▸ **Information provided**:
⁂

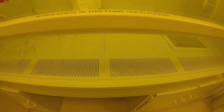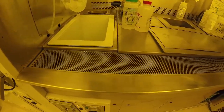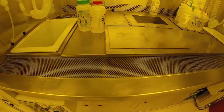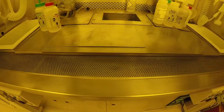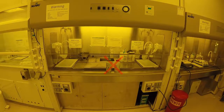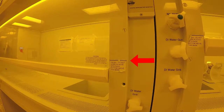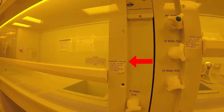Our hoods protect users from chemical fumes by forming a vertical, laminar flow of air that covers the sash opening. If any area of the vents are covered, your protection will be compromised. Never cover the vent holes with clean room cloths or chemical bottles. For the hood to function correctly, the sash must be lowered to the appropriate level as marked.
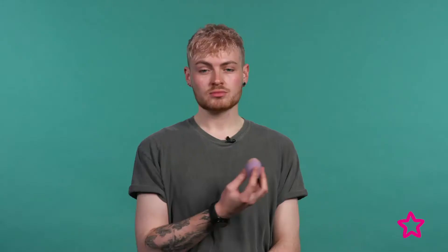So first of all you're going to want to apply your base as normal, and today I'm going to be using the Rimmel Match Perfection foundation. Once my base is all done I'm going to be starting on my eyes.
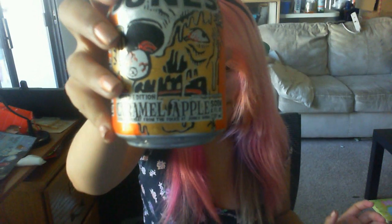Good luck to me — this one I'm more curious about because of the caramel. It could be really good, it could be really bad. Look at the face on the can though — he's just like melting. That's not really a good sign, or is it? Maybe it's face-meltingly good. So cheers!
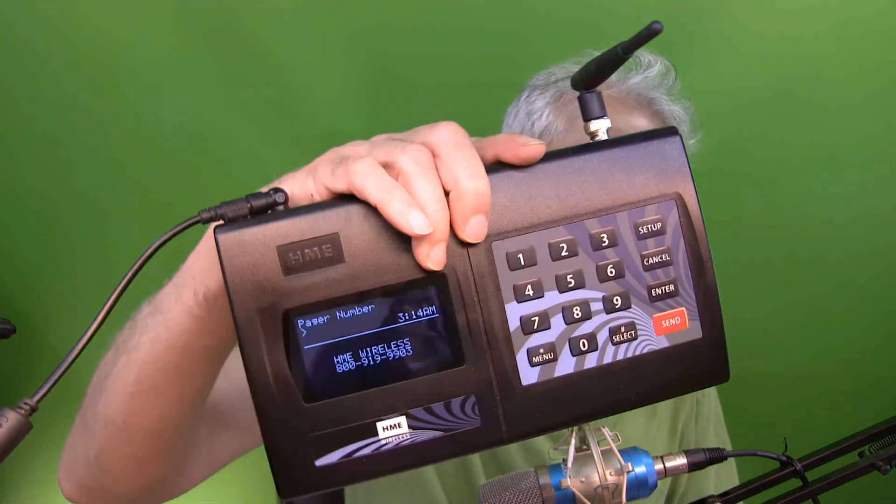Today I'm going to talk about the HME I-Station pager transmitter and how to set the time and do some initial setup, including the password. The model trade name is Integration Station, the FCC ID is WDC I-Station-N, and this is how it looks. I'll be talking about how to get into the setup and everything.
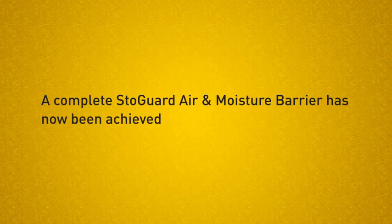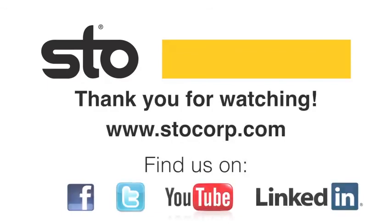A complete StoGuard Air and Moisture Barrier has now been achieved. Thank you for watching the StoGuard Rapid Fill and Rapid Seal demonstration video. For more information, you can visit www.stocorp.com.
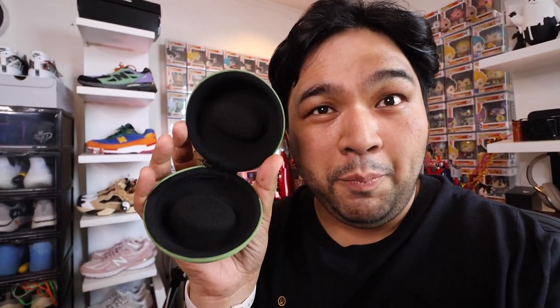If you pop it open, you can put your watch inside regardless of the piece — I think it will fit a variety of watch sizes and keep it secure if you want to travel or bring watches with you. This one sells for around 1,300 pesos. I'll link it down below in case you guys want to buy one.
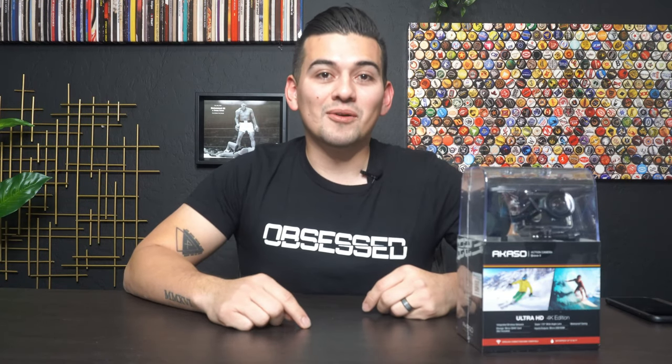Before we go any further, I just want to shout out Evan Stewart for this Obsessed shirt. He's going to be having an Obsessed conference in Dallas — if anybody's interested in going, check it out in the description of this video.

⁂

▸ **Your task**: Without the pictures, please reproduce each line of the listing above exactly, from the first one through the line bearing "Today I'm going to talk".

▸ **Your response**:
Our hoods protect users from chemical fumes by forming a vertical, laminar flow of air that covers the sash opening. If any area of the vents are covered, your protection will be compromised. Never cover the vent holes with clean room cloths or chemical bottles. For the hood to function correctly, the sash must be lowered to the appropriate level as marked.
So first of all you're going to want to apply your base as normal, and today I'm going to be using the Rimmel Match Perfection foundation. Once my base is all done I'm going to be starting on my eyes.
Good luck to me — this one I'm more curious about because of the caramel. It could be really good, it could be really bad. Look at the face on the can though — he's just like melting. That's not really a good sign, or is it? Maybe it's face-meltingly good. So cheers!
Today I'm going to talk about the HME I-Station pager transmitter and how to set the time and do some initial setup, including the password. The model trade name is Integration Station, the FCC ID is WDC I-Station-N, and this is how it looks. I'll be talking about how to get into the setup and everything.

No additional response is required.